Graphing hundredths from 0 to 0.1 | Math | 4th grade | Khan Academy
Graph 0.04 on the number line.
So here we have this number line that goes from 0 to 0.1, or 1/10. Between 0 and 1/10, we have 1, 2, 3, 4, 5, 6, 7, 8, 9, 10 equal spaces. Each of these spaces represents 1/10 of the distance. It's 1 out of 10 equal spaces, or we could say it is one-tenth of this tenth.
It's a tenth of the way to one-tenth. That's a little bit tricky. Maybe let's pause and look at that visually and think about what does a tenth of a tenth really mean.

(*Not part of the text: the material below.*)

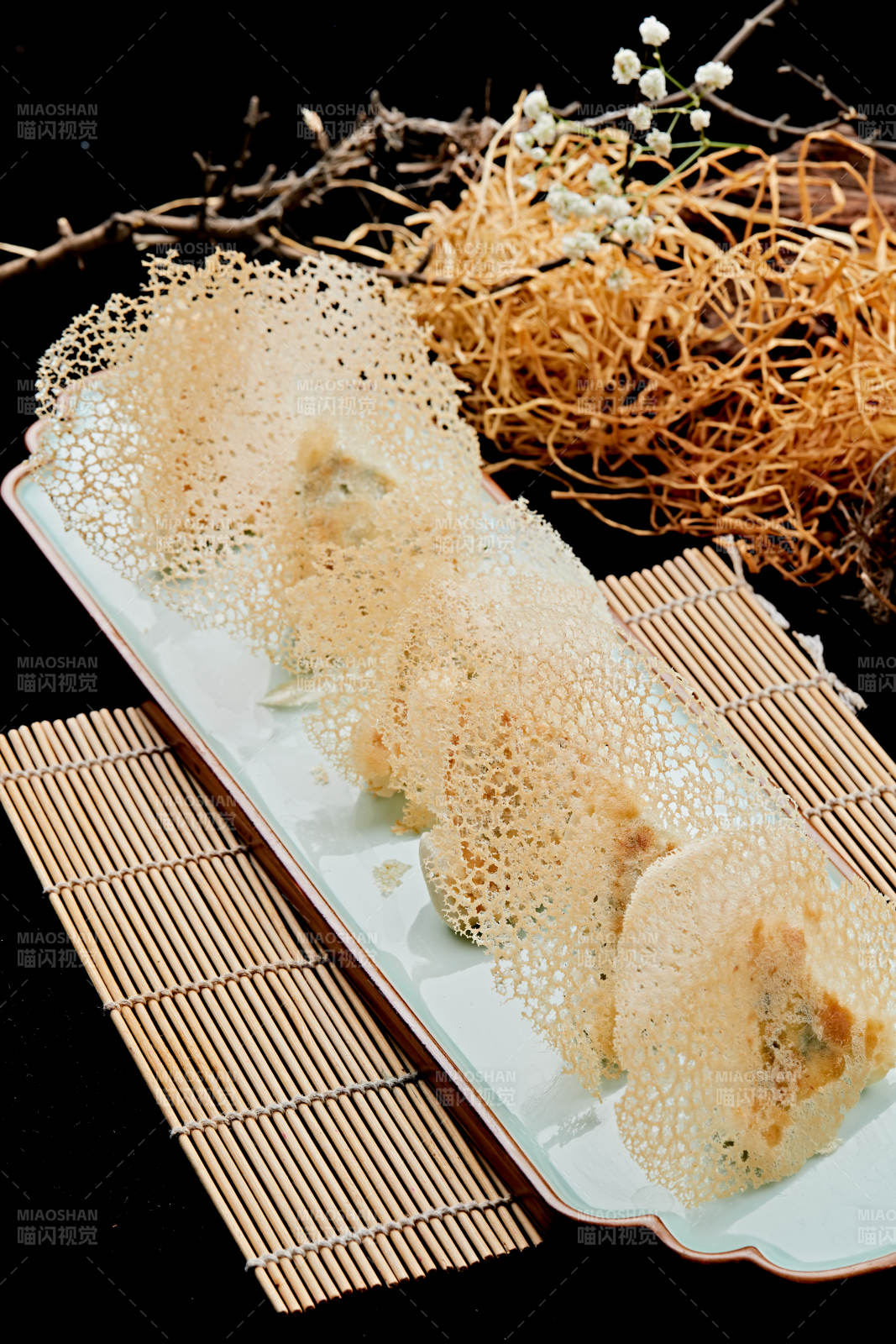 雪花渔网水煎包图片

So here I have already drawn a picture that's divided into ten equal pieces. If we shade one of them, then we're shading one-tenth. This right here is one-tenth, and this amount right here is what the number line showed: the whole number line showed one tenth. But then we had divided that tenth into ten equal pieces.
So if we split that ten into ten equal pieces, we're going to have something like this. Here again, this top row would represent the entire tenth from the whole number line, but each little piece would be one of those one-tenth of that whole tenth. So this is what each little piece on the number line represents, or we could say that's one one-hundredth.

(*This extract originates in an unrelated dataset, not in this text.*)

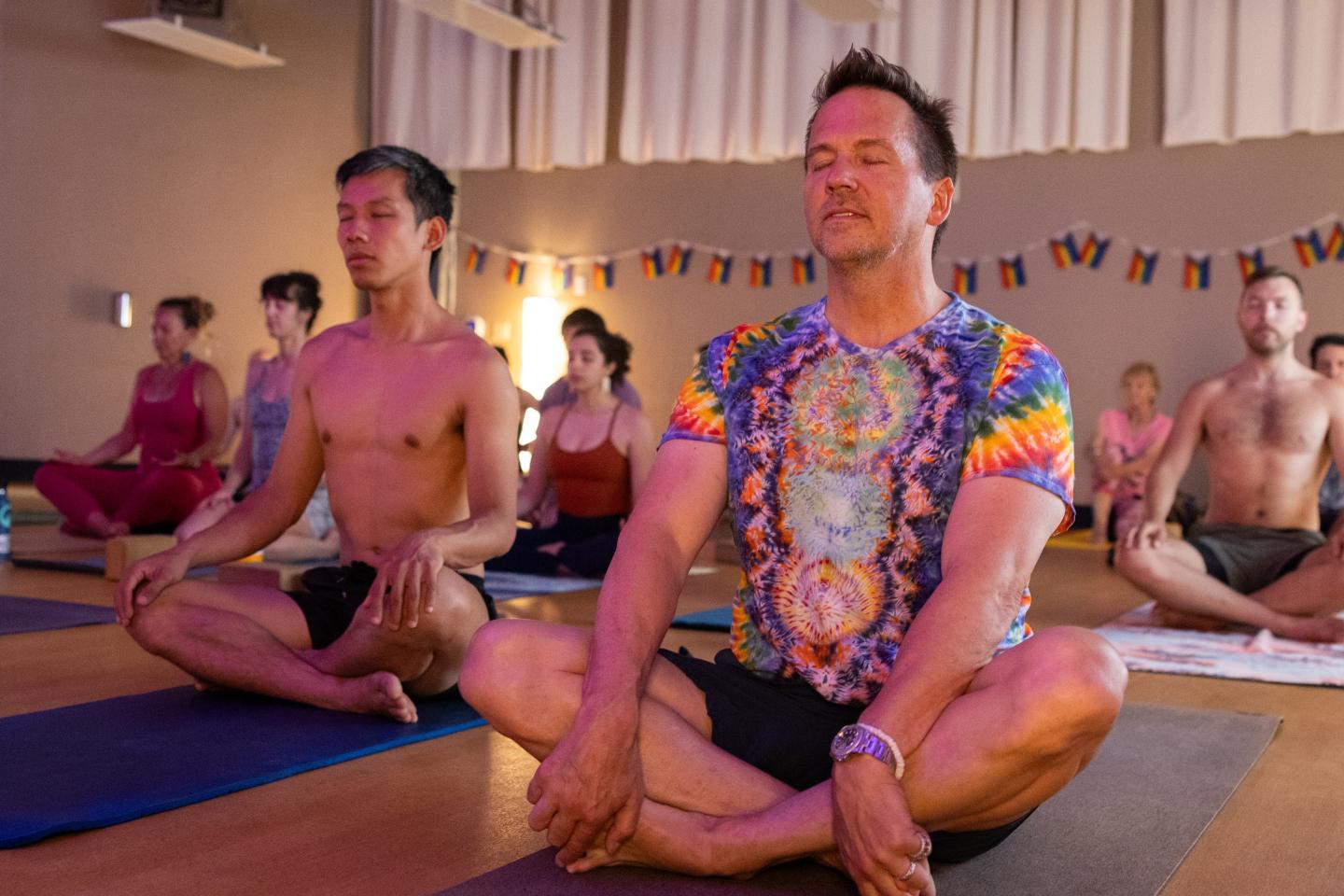 Group meditating in a studio, wearing colorful clothing, sitting cross-legged.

A tenth of a tenth is a one-hundredth because when you divide 10 into 10 equal pieces, you're going to end up with a hundred pieces. So a tenth of a tenth is a one-hundredth.
Looking back at the number line now, we know that this distance, a tenth of our tenth, is a one-hundredth. We want to graph 0.04. Well, this 4 right here, this 4, let's think about place value: the zeros and the ones, the next zero and the tenth, and this four is in the hundredth.
So we could call this four hundredths or even the fraction four hundredths. If one of these lengths is 100 and we want to go four hundredths, then we're going to need to go four of these lengths. One, two, three, four of these lengths would be four of the hundredths or zero point zero four.